» DIRECTIONS:
From the first line of the data below through the line holding "Tabela 3.9: –", output each line exactly and leave the pictures out.

» TASK MATERIAL:
● ● ● ● ● ● ●
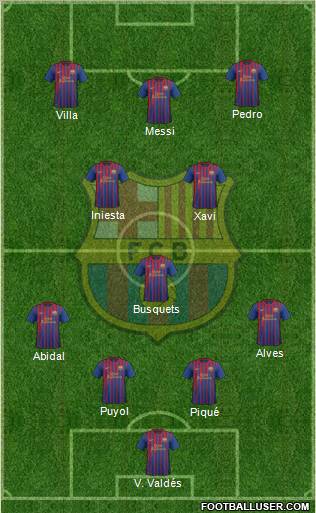 F.C. Barcelona Formation 2011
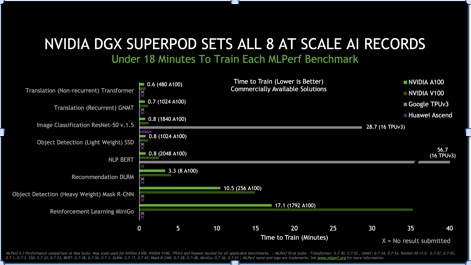 NVIDIA Enterprise quebra 16 registros de desempenho de IA nos mais recentes padrões de benchmarking, de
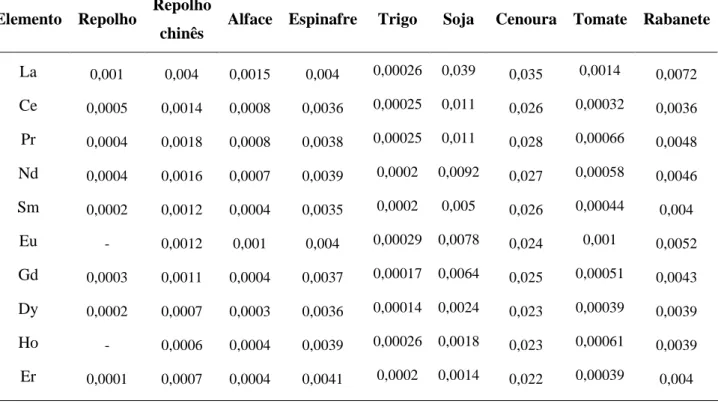 Tabela 3.9: – Fator de transferência solo-planta de elementos terras raras em várias culturas  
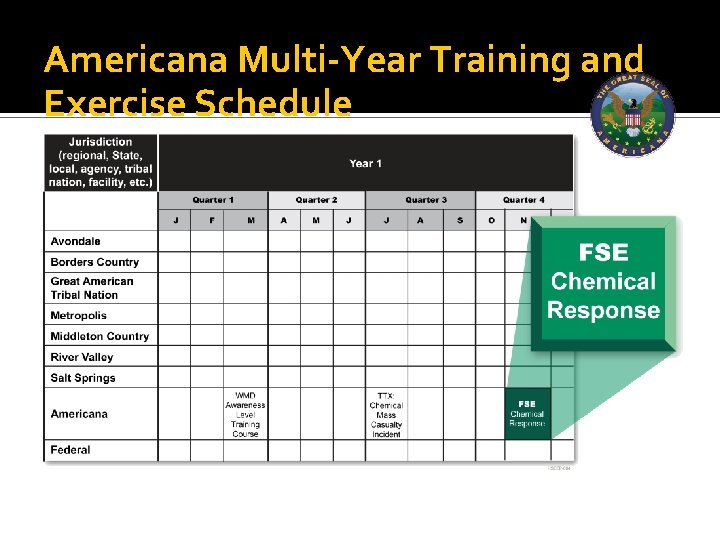 Americana Multi-Year Training and Exercise Schedule 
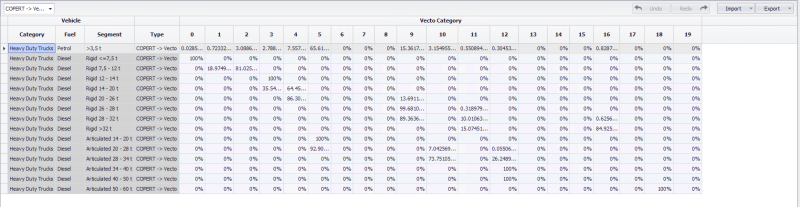 File:COPERT to VECTO.png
● ● ● ● ● ● ●
» TASK OUTPUT:
 F.C. Barcelona Formation 2011
 NVIDIA Enterprise quebra 16 registros de desempenho de IA nos mais recentes padrões de benchmarking, de
 Tabela 3.9: – Fator de transferência solo-planta de elementos terras raras em várias culturas  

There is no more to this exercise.